You are viewing a plain text version of this content. The canonical link for it is here.
Posted to user@spark.apache.org by Hitesh Goyal <hi...@nlpcaptcha.com> on 2016/09/28 05:28:17 UTC

Trying to fetch S3 data

Hi team,

I want to fetch data from Amazon S3 bucket. For this, I am trying to access it using scala.
I have tried the basic wordcount application in scala.
Now I want to retrieve s3 data using it.
I have gone through the tutorials and I found solutions for uploading files to S3.
Please tell me how can I retrieve the data buckets stored in S3.

Regards,
Hitesh Goyal
Simpli5d Technologies
Cont No.: 9996588220


Re: Trying to fetch S3 data

Posted by Steve Loughran <st...@hortonworks.com>.
On 28 Sep 2016, at 06:28, Hitesh Goyal <hi...@nlpcaptcha.com>> wrote:

Hi team,

I want to fetch data from Amazon S3 bucket.
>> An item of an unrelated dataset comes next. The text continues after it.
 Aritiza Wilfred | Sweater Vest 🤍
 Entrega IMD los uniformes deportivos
For this, I am trying to access it using scala.
I have tried the basic wordcount application in scala.
Now I want to retrieve s3 data using it.
I have gone through the tutorials and I found solutions for uploading files to S3.
Please tell me how can I retrieve the data buckets stored in S3.
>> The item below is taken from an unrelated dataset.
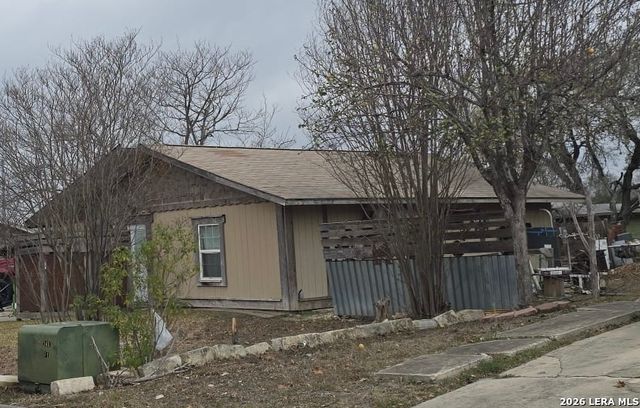 8811 Dale Vly Dr, San Antonio, TX 78227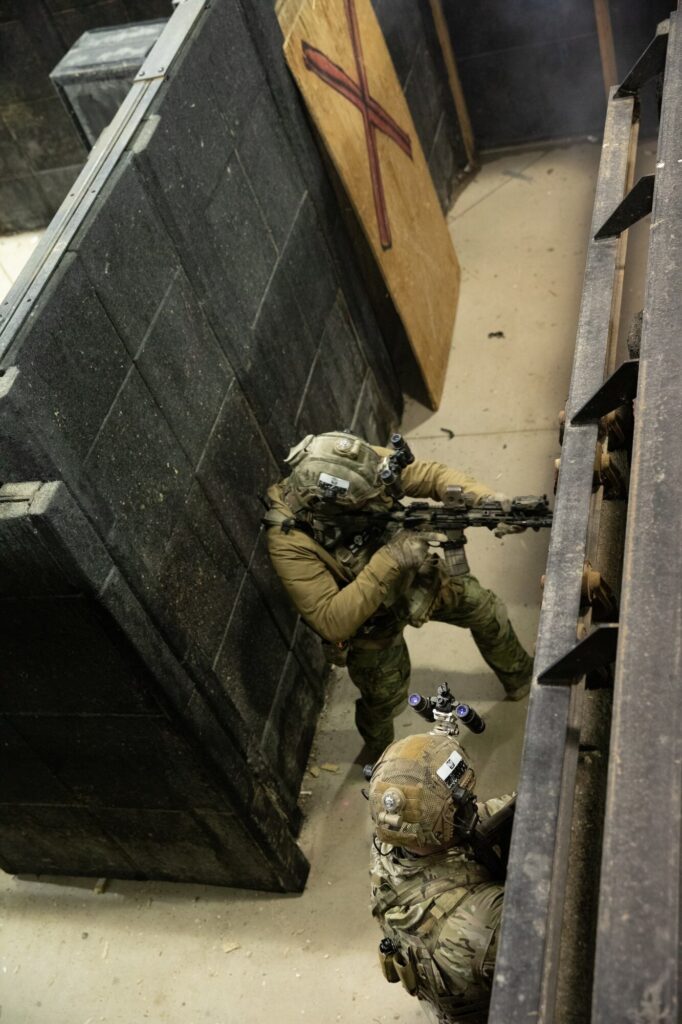 Shadows in the Night — GROM i JWK w Fort Carson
This is actually something I'm trying to document as part of some work to add a spark-cloud module which adds the appropriate JARs to the classpath for things to work out the box.

Could you have a look at

https://github.com/steveloughran/spark/blob/b04c037f2925d9b698e541493fc936627ddcf9ba/docs/cloud-integration.md

And tell me where it could be improved?